My implementation using the three different reps from question 4 are attached and available in http://www.cs.virginia.edu/cs205/ps/ps3/ps3-mine.zip. Note that I made StringGraph into an interface, so I can have the three different implementations StringGraphA, StringGraphB, and StringGraphC implement that interface. This makes them all subtypes of StringGraph, so they can be used interchangeably (as they are in the test code). Implementation B is the shortest, but C is probably the simplest except for the complex toString method (which is related to the complex abstraction function needed).

8. (8.875 / 10) Describe a testing strategy for your StringGraph datatype. Include all the code you developed for testing in your answer.
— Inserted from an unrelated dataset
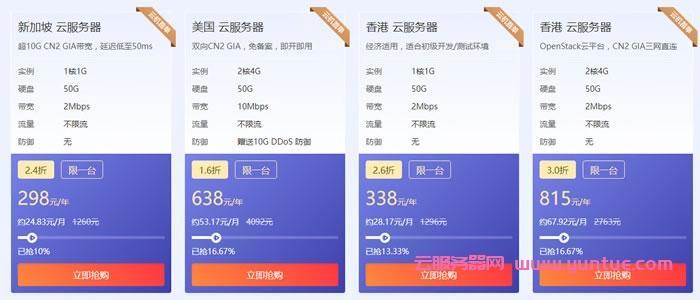 云服务器2M：高效计算，轻松体验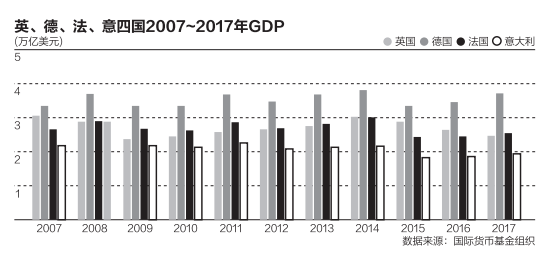 英国gdp增长率(2)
We can develop most of the testing strategy independent of the implementation (that is, black box testing). We should try all operations on an empty graph, a graph with some nodes and no edges, and a graph with many nodes and edges. We should try inputs that cover all paths through the method specifications: See the provided code for my tests: TestGraph.java
9. (8 / 10) Consider adding a removeNode method to the StringGraph datatype that removes a node from a graph. Write a declarative specification for the removeNode method. Consider carefully what should happen with the edges of the graph when a node it removed, and make sure your specification is total.
public void removeNode(String s) throws NoNodeException
  // MODIFIES: this
  // EFFECTS: If s is not a node in this, throw NoNodeException.
  //    Otherwise, remove s from the nodes of this, and removes
  //    all edges from the edges of this where either endpoint
  //    of the edge matches s.
10. (9.5 / 10) For this question you have a choice, either do choice 1 or choice 2:
Unsurprisingly (and disappointingly), no one choose choice 2 even though it is much easier (but required figuring out a few new things on your own, or from the examples already provided). To implement a generic DirectedGraph dataype, all you would need to do is add <T> to the class declaration, and replace String with T at appropriate places in the implementation.